# THE PROBLEM
Your copy should match the listing below exactly, except that it holds no images.

# RECORDED DATA
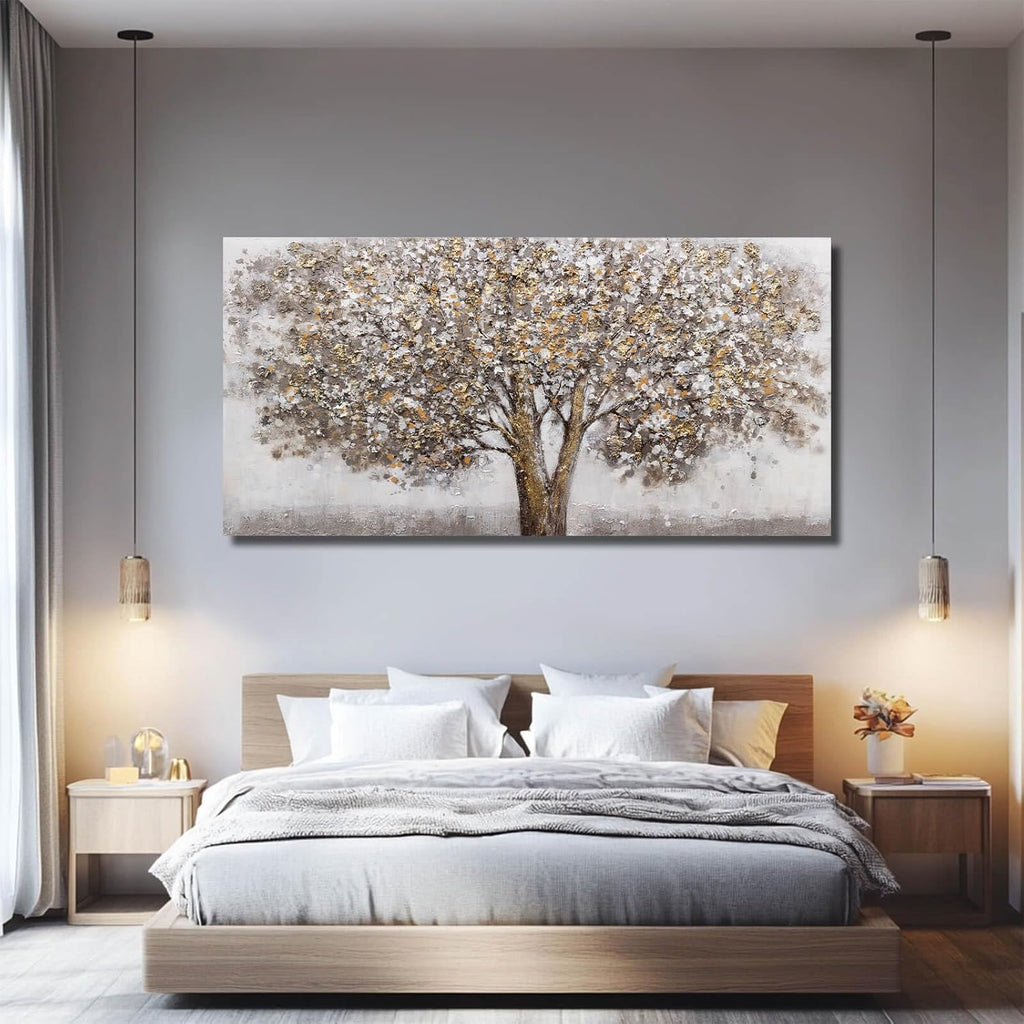 CHUDANHAO Large Canvas Wall Art Decorative Paintings Grey Room Decor Gold Tree Picture Scenery Artwork for Living Room Bedroom Hotel 29'x58'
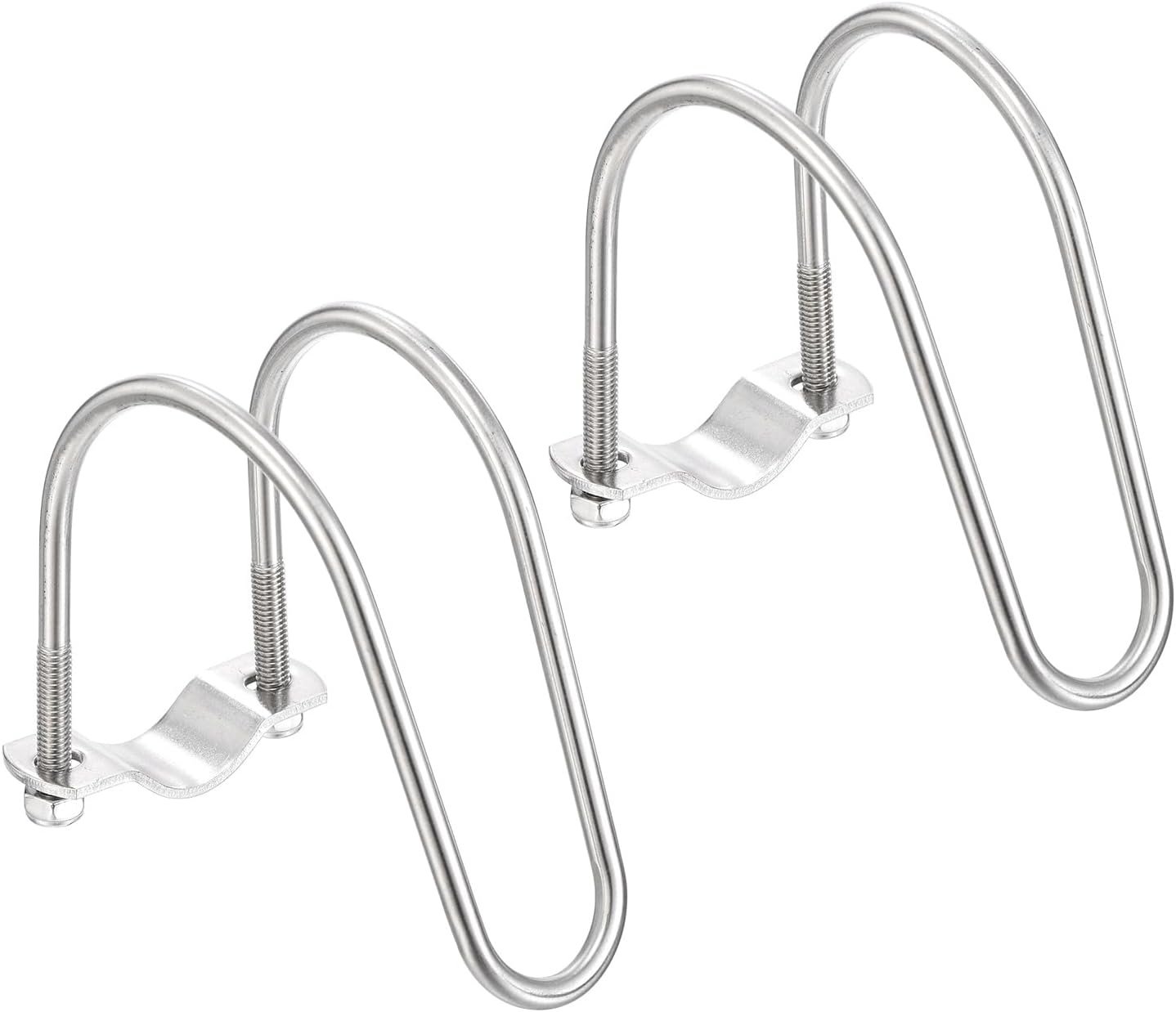 sourcing map 2pcs Cross Pipe Clamp 20mm x 60mm (0.79" x 2.36") M6 304 Stainless Steel U-Shaped Tube Buckle Crossover Steel Pipe Connector for Farm Greenhouse Awning Frames Nursery Fence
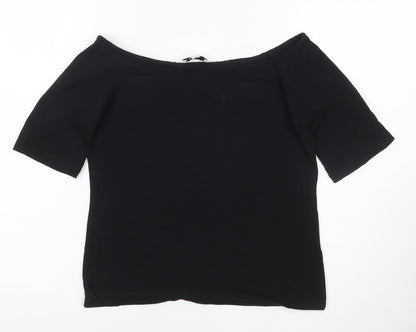 Warehouse Women’s Black Off Shoulder Cotton Jersey Top Size 14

# EXERCISE OUTPUT
 CHUDANHAO Large Canvas Wall Art Decorative Paintings Grey Room Decor Gold Tree Picture Scenery Artwork for Living Room Bedroom Hotel 29'x58'
 sourcing map 2pcs Cross Pipe Clamp 20mm x 60mm (0.79" x 2.36") M6 304 Stainless Steel U-Shaped Tube Buckle Crossover Steel Pipe Connector for Farm Greenhouse Awning Frames Nursery Fence
 Warehouse Women’s Black Off Shoulder Cotton Jersey Top Size 14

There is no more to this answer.